## Brief
Only one span of the listing below is wanted: the lines from the one with "Cozinha de casa" through the one with "Used 2026 GMC", reproduced exactly, both ends kept.

## Data for review
[Start of Attachment]

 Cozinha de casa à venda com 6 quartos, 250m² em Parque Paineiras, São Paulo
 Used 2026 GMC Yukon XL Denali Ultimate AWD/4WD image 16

[End of Attachment]
[Start of Attachment]

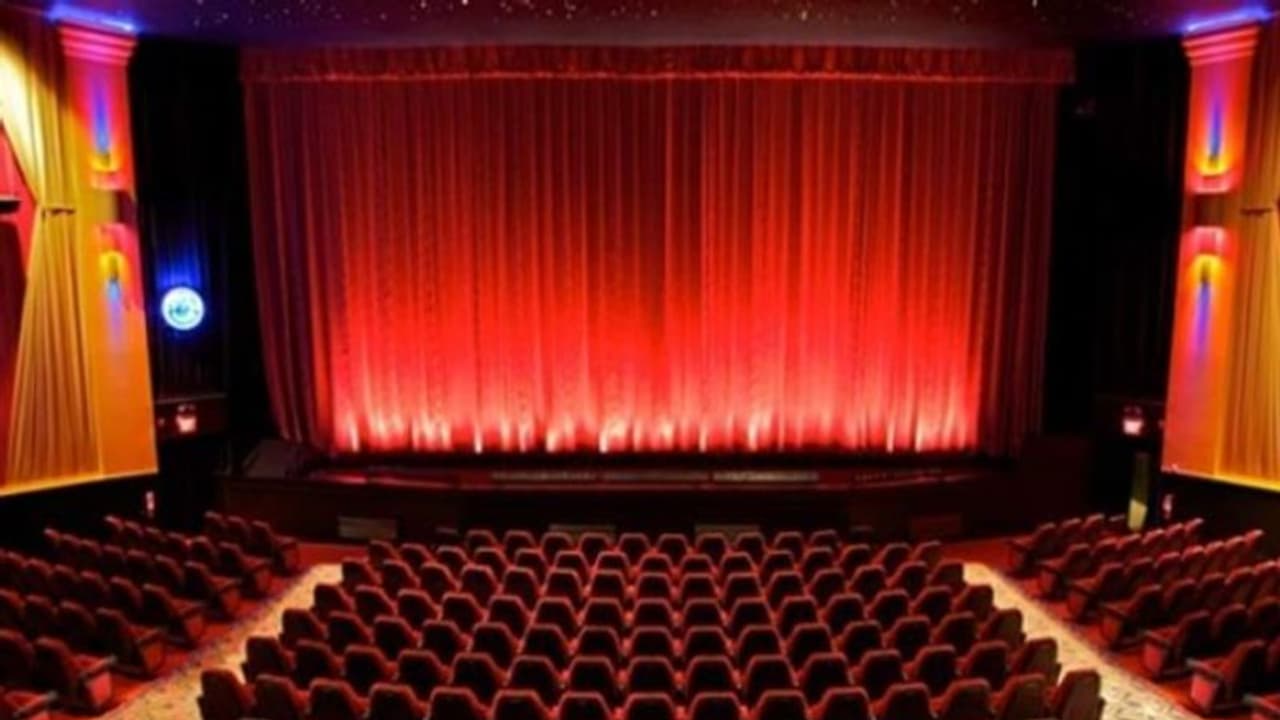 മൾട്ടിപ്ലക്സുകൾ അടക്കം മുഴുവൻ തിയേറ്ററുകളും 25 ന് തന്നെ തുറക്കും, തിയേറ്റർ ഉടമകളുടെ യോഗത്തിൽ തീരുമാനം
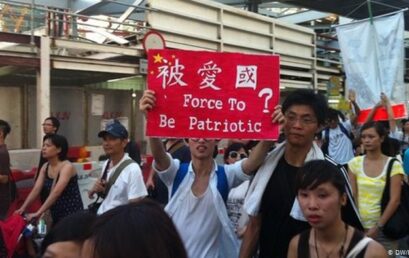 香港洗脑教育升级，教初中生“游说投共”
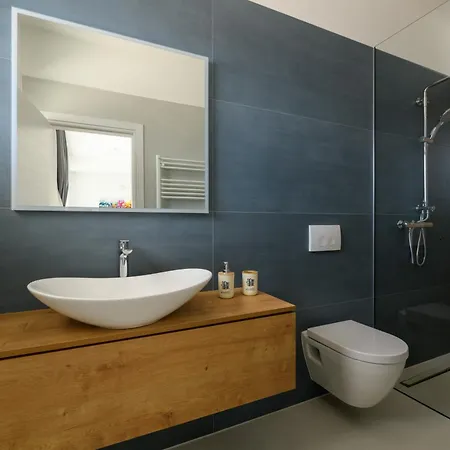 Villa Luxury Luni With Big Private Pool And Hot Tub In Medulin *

[End of Attachment]

## Response
 Cozinha de casa à venda com 6 quartos, 250m² em Parque Paineiras, São Paulo
 Used 2026 GMC Yukon XL Denali Ultimate AWD/4WD image 16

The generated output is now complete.